(Short web captions)
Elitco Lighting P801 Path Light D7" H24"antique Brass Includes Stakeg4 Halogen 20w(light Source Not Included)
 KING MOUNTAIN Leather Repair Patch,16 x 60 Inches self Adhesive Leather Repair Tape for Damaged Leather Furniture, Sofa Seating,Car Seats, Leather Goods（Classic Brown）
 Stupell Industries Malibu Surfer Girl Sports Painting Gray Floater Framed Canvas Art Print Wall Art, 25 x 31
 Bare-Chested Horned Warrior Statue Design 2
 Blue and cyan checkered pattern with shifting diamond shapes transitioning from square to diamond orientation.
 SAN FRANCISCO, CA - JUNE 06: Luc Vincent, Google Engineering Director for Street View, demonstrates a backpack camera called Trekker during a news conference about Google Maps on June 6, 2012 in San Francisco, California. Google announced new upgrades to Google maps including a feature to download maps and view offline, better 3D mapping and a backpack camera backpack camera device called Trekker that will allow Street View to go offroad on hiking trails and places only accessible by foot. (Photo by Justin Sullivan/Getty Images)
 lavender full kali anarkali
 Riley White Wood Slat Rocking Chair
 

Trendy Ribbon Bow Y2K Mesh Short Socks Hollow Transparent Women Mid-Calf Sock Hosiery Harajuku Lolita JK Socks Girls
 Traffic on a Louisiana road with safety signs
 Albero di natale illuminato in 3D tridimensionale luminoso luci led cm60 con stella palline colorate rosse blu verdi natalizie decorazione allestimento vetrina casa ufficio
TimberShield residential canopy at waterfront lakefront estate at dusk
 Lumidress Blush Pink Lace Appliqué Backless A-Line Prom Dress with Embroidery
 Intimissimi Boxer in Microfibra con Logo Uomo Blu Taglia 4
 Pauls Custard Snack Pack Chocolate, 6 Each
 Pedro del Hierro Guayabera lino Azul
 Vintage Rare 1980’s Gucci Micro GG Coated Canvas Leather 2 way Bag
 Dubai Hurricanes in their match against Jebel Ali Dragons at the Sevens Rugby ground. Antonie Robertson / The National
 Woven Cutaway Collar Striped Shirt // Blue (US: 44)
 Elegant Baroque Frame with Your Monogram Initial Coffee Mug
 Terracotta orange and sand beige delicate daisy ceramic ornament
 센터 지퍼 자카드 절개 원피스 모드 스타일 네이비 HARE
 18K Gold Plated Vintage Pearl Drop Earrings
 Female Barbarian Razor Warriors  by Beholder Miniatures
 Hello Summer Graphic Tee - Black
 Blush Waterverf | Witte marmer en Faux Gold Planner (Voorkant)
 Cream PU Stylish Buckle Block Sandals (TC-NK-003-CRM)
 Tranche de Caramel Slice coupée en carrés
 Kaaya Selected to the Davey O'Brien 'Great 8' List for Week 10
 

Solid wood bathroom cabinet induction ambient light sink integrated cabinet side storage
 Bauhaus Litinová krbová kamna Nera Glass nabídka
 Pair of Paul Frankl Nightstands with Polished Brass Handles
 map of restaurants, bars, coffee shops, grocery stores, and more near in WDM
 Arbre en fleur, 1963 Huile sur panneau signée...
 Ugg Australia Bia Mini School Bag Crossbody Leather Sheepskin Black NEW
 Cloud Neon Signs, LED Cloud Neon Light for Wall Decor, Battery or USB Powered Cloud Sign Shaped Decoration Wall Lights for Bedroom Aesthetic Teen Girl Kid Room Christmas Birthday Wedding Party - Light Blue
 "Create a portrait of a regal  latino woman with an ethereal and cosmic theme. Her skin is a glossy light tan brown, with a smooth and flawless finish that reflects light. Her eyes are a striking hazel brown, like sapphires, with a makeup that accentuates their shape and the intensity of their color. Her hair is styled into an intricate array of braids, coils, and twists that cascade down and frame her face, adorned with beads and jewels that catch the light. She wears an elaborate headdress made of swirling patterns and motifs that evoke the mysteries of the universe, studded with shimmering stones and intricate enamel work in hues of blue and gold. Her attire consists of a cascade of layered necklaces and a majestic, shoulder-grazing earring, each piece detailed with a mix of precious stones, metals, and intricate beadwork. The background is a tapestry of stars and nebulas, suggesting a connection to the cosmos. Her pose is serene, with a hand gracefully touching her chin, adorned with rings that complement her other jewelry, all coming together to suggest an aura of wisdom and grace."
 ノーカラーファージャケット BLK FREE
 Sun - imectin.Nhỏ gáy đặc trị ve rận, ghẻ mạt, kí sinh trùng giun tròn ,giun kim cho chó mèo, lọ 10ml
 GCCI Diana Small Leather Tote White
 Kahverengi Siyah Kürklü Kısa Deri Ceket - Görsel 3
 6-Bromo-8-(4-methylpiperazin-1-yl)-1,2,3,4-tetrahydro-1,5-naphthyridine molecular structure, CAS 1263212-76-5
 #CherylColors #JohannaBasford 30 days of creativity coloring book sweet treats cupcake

# WORK ITEM:
Out of the entries above, write out only the lines between the line holding "Blue and cyan" and the line holding "TimberShield residential canopy", inclusive, each exactly as given.

# EXERCISE RESULT:
 Blue and cyan checkered pattern with shifting diamond shapes transitioning from square to diamond orientation.
 SAN FRANCISCO, CA - JUNE 06: Luc Vincent, Google Engineering Director for Street View, demonstrates a backpack camera called Trekker during a news conference about Google Maps on June 6, 2012 in San Francisco, California. Google announced new upgrades to Google maps including a feature to download maps and view offline, better 3D mapping and a backpack camera backpack camera device called Trekker that will allow Street View to go offroad on hiking trails and places only accessible by foot. (Photo by Justin Sullivan/Getty Images)
 lavender full kali anarkali
 Riley White Wood Slat Rocking Chair
 

Trendy Ribbon Bow Y2K Mesh Short Socks Hollow Transparent Women Mid-Calf Sock Hosiery Harajuku Lolita JK Socks Girls
 Traffic on a Louisiana road with safety signs
 Albero di natale illuminato in 3D tridimensionale luminoso luci led cm60 con stella palline colorate rosse blu verdi natalizie decorazione allestimento vetrina casa ufficio
TimberShield residential canopy at waterfront lakefront estate at dusk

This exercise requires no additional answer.